> Problem description
Below are lines of data, and only some are wanted. Please repeat exactly those from the line that has "Number four is" through the line that has "Impactors are up".

> Material to process
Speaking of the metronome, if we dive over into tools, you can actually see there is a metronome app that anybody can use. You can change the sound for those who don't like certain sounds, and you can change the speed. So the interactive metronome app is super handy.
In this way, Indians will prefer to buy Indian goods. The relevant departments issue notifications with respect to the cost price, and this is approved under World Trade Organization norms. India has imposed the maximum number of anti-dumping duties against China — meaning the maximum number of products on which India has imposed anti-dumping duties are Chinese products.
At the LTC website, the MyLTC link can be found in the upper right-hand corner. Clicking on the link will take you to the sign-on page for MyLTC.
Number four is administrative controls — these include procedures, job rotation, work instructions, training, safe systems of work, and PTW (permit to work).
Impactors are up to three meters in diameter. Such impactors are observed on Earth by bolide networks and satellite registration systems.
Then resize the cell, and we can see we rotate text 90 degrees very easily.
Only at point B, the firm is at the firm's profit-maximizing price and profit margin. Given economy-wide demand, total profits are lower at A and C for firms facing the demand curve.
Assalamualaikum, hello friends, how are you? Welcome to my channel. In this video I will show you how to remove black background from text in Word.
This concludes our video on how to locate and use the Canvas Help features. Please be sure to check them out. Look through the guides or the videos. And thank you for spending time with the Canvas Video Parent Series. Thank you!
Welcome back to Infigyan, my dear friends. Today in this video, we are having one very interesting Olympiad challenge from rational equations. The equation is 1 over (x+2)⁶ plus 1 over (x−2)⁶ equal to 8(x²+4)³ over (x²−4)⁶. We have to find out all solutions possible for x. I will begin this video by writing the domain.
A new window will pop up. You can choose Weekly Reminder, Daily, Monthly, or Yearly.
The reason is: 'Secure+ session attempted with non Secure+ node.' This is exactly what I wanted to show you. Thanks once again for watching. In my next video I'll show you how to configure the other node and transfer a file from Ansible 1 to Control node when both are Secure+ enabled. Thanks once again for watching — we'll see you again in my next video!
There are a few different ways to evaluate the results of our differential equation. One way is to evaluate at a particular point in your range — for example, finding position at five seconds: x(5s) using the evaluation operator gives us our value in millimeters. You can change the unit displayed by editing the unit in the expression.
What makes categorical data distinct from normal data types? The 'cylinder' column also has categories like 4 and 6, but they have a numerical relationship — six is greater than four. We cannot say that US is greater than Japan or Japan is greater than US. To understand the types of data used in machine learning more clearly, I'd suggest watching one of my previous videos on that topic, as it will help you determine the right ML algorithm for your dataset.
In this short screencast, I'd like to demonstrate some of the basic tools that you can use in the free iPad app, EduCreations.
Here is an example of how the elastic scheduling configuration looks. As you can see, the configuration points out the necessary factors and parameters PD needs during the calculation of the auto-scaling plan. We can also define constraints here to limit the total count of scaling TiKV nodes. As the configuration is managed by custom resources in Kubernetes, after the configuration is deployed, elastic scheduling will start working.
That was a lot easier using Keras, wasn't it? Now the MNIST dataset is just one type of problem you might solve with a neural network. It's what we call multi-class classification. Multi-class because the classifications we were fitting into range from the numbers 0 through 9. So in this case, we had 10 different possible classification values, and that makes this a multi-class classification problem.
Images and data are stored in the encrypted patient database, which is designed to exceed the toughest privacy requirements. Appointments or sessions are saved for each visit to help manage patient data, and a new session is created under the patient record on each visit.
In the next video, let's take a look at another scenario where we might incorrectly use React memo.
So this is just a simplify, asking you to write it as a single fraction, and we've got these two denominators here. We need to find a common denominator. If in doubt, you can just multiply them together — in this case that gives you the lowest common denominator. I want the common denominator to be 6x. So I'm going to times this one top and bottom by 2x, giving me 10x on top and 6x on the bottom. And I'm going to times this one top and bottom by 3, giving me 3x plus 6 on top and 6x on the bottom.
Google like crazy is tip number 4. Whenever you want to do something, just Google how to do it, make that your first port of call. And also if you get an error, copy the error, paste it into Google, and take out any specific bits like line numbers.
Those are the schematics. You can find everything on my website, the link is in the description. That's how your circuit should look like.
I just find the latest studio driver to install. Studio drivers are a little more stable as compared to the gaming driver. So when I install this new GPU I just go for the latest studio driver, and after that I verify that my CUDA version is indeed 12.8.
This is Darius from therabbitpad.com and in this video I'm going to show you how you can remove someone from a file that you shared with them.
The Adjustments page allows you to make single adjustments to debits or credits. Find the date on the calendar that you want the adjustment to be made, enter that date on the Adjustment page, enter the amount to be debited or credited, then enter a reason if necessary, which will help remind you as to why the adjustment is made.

> Solution for this task
Number four is administrative controls — these include procedures, job rotation, work instructions, training, safe systems of work, and PTW (permit to work).
Impactors are up to three meters in diameter. Such impactors are observed on Earth by bolide networks and satellite registration systems.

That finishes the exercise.